Correlation Between Media and UNICREDIT SPA
Can any of the company-specific risk be diversified away by investing in both Media and UNICREDIT SPA at the same time? Although using a correlation coefficient on its own may not help to predict future stock returns, this module helps to understand the diversifiable risk of combining Media and UNICREDIT SPA into the same portfolio, which is an essential part of the fundamental portfolio management process.
By analyzing existing cross correlation between Media and Games and UNICREDIT SPA ADR, you can compare the effects of market volatilities on Media and UNICREDIT SPA and check how they will diversify away market risk if combined in the same portfolio for a given time horizon. You can also utilize pair trading strategies of matching a long position in Media with a short position of UNICREDIT SPA. Check out your portfolio center. Please also check ongoing floating volatility patterns of Media and UNICREDIT SPA.

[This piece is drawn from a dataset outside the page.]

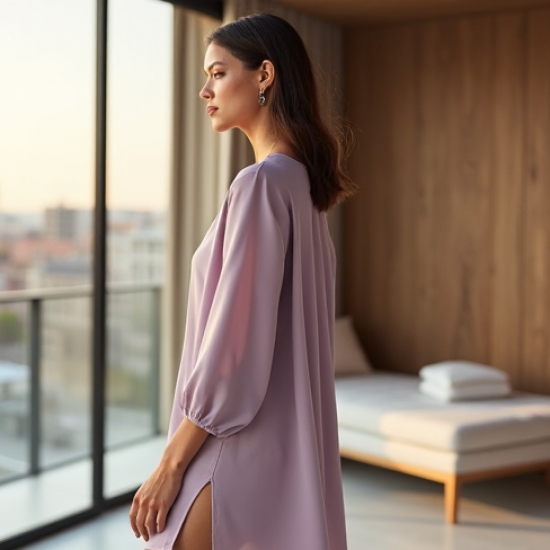 Women's Lavender Asymmetric Hem Top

Diversification Opportunities for Media and UNICREDIT SPA
0.64 | Correlation Coefficient |
Poor diversification
The 3 months correlation between Media and UNICREDIT is 0.64. Overlapping area represents the amount of risk that can be diversified away by holding Media and Games and UNICREDIT SPA ADR in the same portfolio, assuming nothing else is changed. The correlation between historical prices or returns on UNICREDIT SPA ADR and Media is a relative statistical measure of the degree to which these equity instruments tend to move together. The correlation coefficient measures the extent to which returns on Media and Games are associated (or correlated) with UNICREDIT SPA. Values of the correlation coefficient range from -1 to +1, where. The correlation of zero (0) is possible when the price movement of UNICREDIT SPA ADR has no effect on the direction of Media i.e., Media and UNICREDIT SPA go up and down completely randomly.

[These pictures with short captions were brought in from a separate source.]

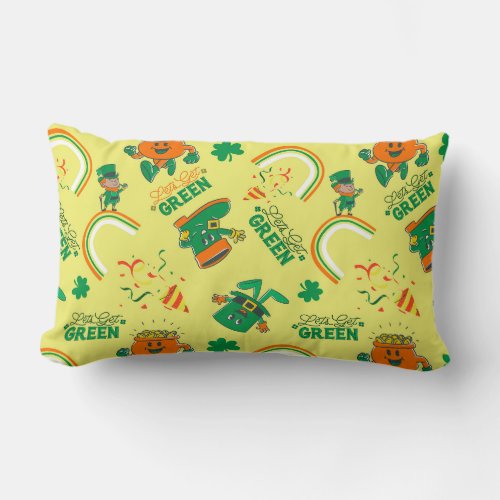  Happy StPatricks Day on the yellow background Lumbar Pillow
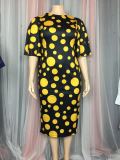 Spring Summer Wide Sleeve Polka Dot Print Plus Size Bodycon Dress Women Clothes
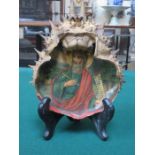 DECORATIVE HANDPAINTED AND HEAVILY GILDED GREEK ICON SHELL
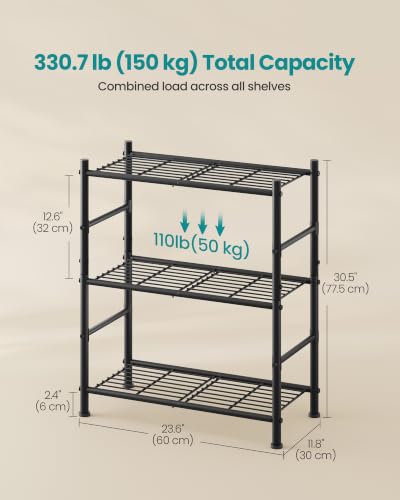 SONGMICS 3-Tier Storage Shelf, Steel Wire Organizer Rack - size: 23.6"W, style: 3-Tier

Pair Corralation between Media and UNICREDIT SPA
Assuming the 90 days trading horizon Media is expected to generate 2.75 times less return on investment than UNICREDIT SPA. In addition to that, Media is 1.95 times more volatile than UNICREDIT SPA ADR. It trades about 0.06 of its total potential returns per unit of risk. UNICREDIT SPA ADR is currently generating about 0.3 per unit of volatility. If you would invest 1,890 in UNICREDIT SPA ADR on December 25, 2024 and sell it today you would earn a total of 770.00 from holding UNICREDIT SPA ADR or generate 40.74% return on investment over 90 days.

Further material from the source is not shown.